Tracking methods using a dynamic template. To overcome the above challenges, on the one hand, the DCF-based trackers(Danelljan et al. 2019; Danelljan, Gool, and Timofte 2020) try to exploit the temporal information by updating the model online, but they suffer from complex manual optimization. STMTrack(Fu et al. 2021) introduces a memory network, which stores the historical information of the target to guide the tracker to focus on the most informative regions in the current frame. TCTrack(Cao et al. 2022) exploits consecutive contextual information through online temporal adaptive convolution and adaptive temporal transformers. On the other hand, template update mechanisms are usually introduced in the siamese-based trackers(Zhang et al. 2019) and the transformer-based trackers(Yan et al. 2021; Cui et al. 2022). UpdateNet(Zhang et al. 2019) designs a CNN network to generate the optimal template available for the next frame to realize the template update function. Stark(Yan et al. 2021) designs a target quality branch that evaluates the quality of the target in the current frame to update the dynamic template selectively. Mixformer(Cui et al. 2022) selects high-quality templates by presenting a valid target prediction score module, similar to STARK. Despite the success of the above methods, there are the following limitations: (1) It requires a complex design of update modules and update strategies to ensure timely updates and avoid introducing redundant information. (2) It cannot fully utilize the context information between consecutive frames. Therefore, in this work, EVPTrack uses tokens to propagate spatio-temporal information that avoids complex update strategies.

Method

In this section, we will present the proposed EVPTrack method in detail. First, we will briefly describe an overview tracking framework of EVPTrack. Then, we will give an account of each module of the whole framework one by one.

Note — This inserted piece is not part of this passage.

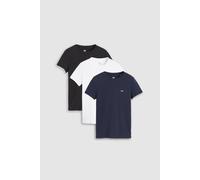 Levi's 3pack Essential SS tee Camiseta, 3 Pack Té Anthracite, XL Mujeres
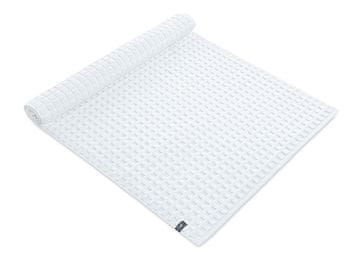 Möve Kopalniška podloga PIQUÉE 60x130 cm bela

Finally, we will introduce the training and inference pipelines.

Overview

As shown in Fig.2, EVPTrack is a simple end-to-end tracker with Image-Prompt Encoder, Spatio-Temporal Encoder, and Prompt Generator. The Image-Prompt Encoder is used for the fusion of explicit visual prompts with image features to efficiently utilize spatio-temporal and multi-scale information. The Spatio-Temporal Encoder is utilized for the interaction among template tokens, search tokens, and spatio-temporal tokens to propagate spatio-temporal information. The Prompt Generator extracts information from template and spatio-temporal tokens to generate explicit visual prompts (i.e., multi-scale prompts and spatio-temporal prompts). EVPTrack employs image pairs and spatio-temporal tokens as input. Specifically, here the tokens come from the previous frame. One of the images is a template image $z\in\mathbb{R}^{3\times H_{z}\times W_{z}}$ . The image is from the target region in the first frame of the video and contains information about the initial appearance of the target and some of the background information. The other image is a search image $x\in\mathbb{R}^{3\times H_{x}\times W_{x}}$ . It comes from the region where the target may appear in the subsequent sequences of the video. To summarize, we utilize spatio-temporal and multi-scale information by providing explicit visual prompts to improve the robustness of the tracker in complex scenarios such as target appearance changes and deformation.

Image-Prompt Encoder

Image-Prompt Encoder inputs include search tokens, template tokens, and explicit visual prompts. We use explicit visual prompts to guide feature extraction and fusion without other complex operations. This way of utilizing spatio-temporal information is simple and avoids additional elaborate updated modules. Specifically, we first perform linear projection on the image pairs. Here, we utilize hierarchical patch embedding with a total downsampling stride of 16, and obtain search tokens and template tokens denoted as $f_{z}\in\mathbb{R}^{N_{z}\times D}$ and $f_{x}\in\mathbb{R}^{N_{x}\times D}$ , respectively. Here, $N_{x}=H_{x}W_{x}/16^{2}$ , $N_{z}=H_{z}W_{z}/16^{2}$ , $D=512$ . And we add learnable position encoding ( $P_{z}\in\mathbb{R}^{N_{z}\times D}$ , $P_{x}\in\mathbb{R}^{N_{x}\times D}$ ) to preserve spatial information. Then, we concatenate $f_{z},f_{x},f_{p}$ , and feed them into N-layer encoder. Finally, the search features are utilized to locate the target. This process can be described by the following equations:

\begin{split}&f_{mp}^{0}=concat(f_{p},f_{z},f_{x}),\\ &f_{mp}^{n}=encoder(f_{mp}^{n-1}),n=1...N,\\ &f_{mp}^{N}=LN(f_{mp}^{N}),\end{split}

(1)

here, $f_{p}$ , $LN$ denote explicit visual prompts and layer normalization, respectively. For a more detailed design of encoder and patch embedding refer to HiViT(Zhang et al. 2023).

Spatio-Temporal Encoder

Spatio-Temporal Encoder is a critical component of our framework for maintaining spatio-temporal tokens and thus exploiting the rich contextual information in successive frames. Its structure is shown in Fig.3, which is also based on the transformer encoder implementation. Specifically, it uses template, search, and spatio-temporal tokens as input, and obtains new spatio-temporal tokens after feature fusion by transformer encoder. This process can be described by the following equations:

\begin{split}&f_{in}=concat(f_{t-1},f_{z},f_{x}),\\ &f_{out}=encoder(LN(f_{in})),\\ &f_{t}=split(f_{out})[f_{z}],\end{split}

(2)

here, $f_{t-1}$ denotes the spatio-temporal tokens obtained at time t-1, which will be used at moment t. When t = 1, we initialize it using template tokens, i.e., $f_{0}=f_{z}$ , which ensures that the initialized spatio-temporal tokens can be adapted to any video sequence and can enhance the target features. Then, we split the template tokens into $f_{out}$ as new spatio-temporal tokens. This is to avoid heavy accumulation of mistakes in the spatio-temporal tokens propagated during long-term tracking.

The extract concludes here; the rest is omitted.